Numa cândida entrevista à revista alemã DER SPIEGEL de 7 de Junho, o astuto embaixador americano em Bagdad, Zalmay Khalilzad, descreve as dificuldades em pôr de pé um Estado de direito no Iraque. Depois da Secretária de Estado Condi Rice ter admitido que os EUA «cometeram milhares de erros tácticos» no Iraque, Khalilzad lembra também que Washington «cometeu erros terríveis [some terrible mistakes] na fase de planeamento» da guerra.
Os EUA nunca admitirão que a guerra no Iraque foi um erro, grave, estratégico. Mas esta nova modéstia (também afivelada no recente arrependimento de Bush por ter usado retórica de índios e cowboys no contexto da «guerra contra o terrorismo» - o fanfarrão «bring them on !...») representa a capitulação de um estilo, de uma maneira de estar nas relações internacionais.
Apesar dos actos de contrição, não é fácil à Admnistração Bush abandonar velhos hábitos. E, de facto, internamente a Casa Branca procura dar a ideia de que está inabalável e que manterá a todo o custo o rumo ('stay the course') no Iraque, afastando qualquer sugestão de calendário para retirada das tropas.
Mas tudo indica que, na realidade, a diplomacia americana se prepara para entregar o Iraque às Nações Unidas.
Quem o sublinha é Richard Holbrooke, ex-embaixador americano na ONU na era Clinton. Num interessante artigo publicado no WASHINGTON POST, de 28 de Junho, («Turning to the UN, again»), Holbrooke conta como dois enviados de Bush se encontraram com o Secretário Geral Kofi Annan e o Sub-Secretário-Geral Mark Malloch Brown para lhes pedirem apoio na organização de uma conferência internacional sobre o Iraque no Outono, numa acção que garanta ampla participação da comunidade internacional na criação de um novo 'Iraq compact' para assegurar o desenvolvimento daquele país.
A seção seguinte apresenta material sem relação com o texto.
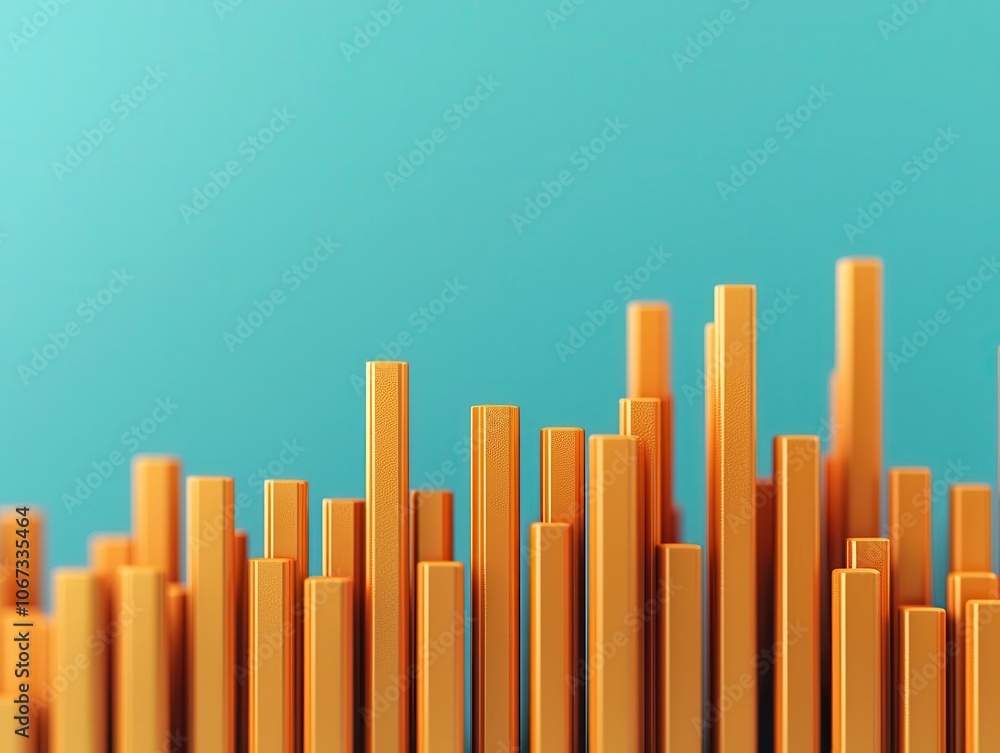 Interest rate hike, corporate capital impact, financial analysis, 3D illustration Interest rate hike, corporate capital impact, financial analysis, 3D illustration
Todos nos lembramos da campanha de deslegitimação da ONU levada a cabo pelos EUA e pelo Reino Unido antes da invasão de 2003. Recordamos a histeria artificial de Washington e Londres, a quererem convencer-nos de que a iminência da ameaça das armas de destruição maciça iraquianas não deixava ao 'mundo livre' outra opção que não invadir aquele país e à ONU nenhuma alternativa senão legitimar tamanha loucura. Não esquecemos de que a 'relevância' da ONU foi posta em causa neste contexto por Bush e Blair, porque os restantes membros do Conselho de Segurança - por variadas razões - decidiram não se juntar ao delírio intervencionista. E de que, segundo um memorando encontrado em Downing Street (transcrito no livro 'Lawless World' escrito pelo advogado britânico Philippe Sands QC), num encontro com Blair a 31 de Janeiro de 2003, Bush admitia enviar um avião americano pintado com as cores da ONU para sobrevoar e ser derrubado por Bagdad, provocando a invasão e a legitimação da mesma pelo Conselho de Segurança...
Enfim, não será certamente fácil à comunidade internacional esquecer o que se passou.
Mas, segundo Holbrooke, agora confrontados com a dura realidade do pântano iraquiano, os EUA redescobriram as virtudes da modéstia e do multilateralismo.
Bem-vindos! Mais vale tarde do que nunca!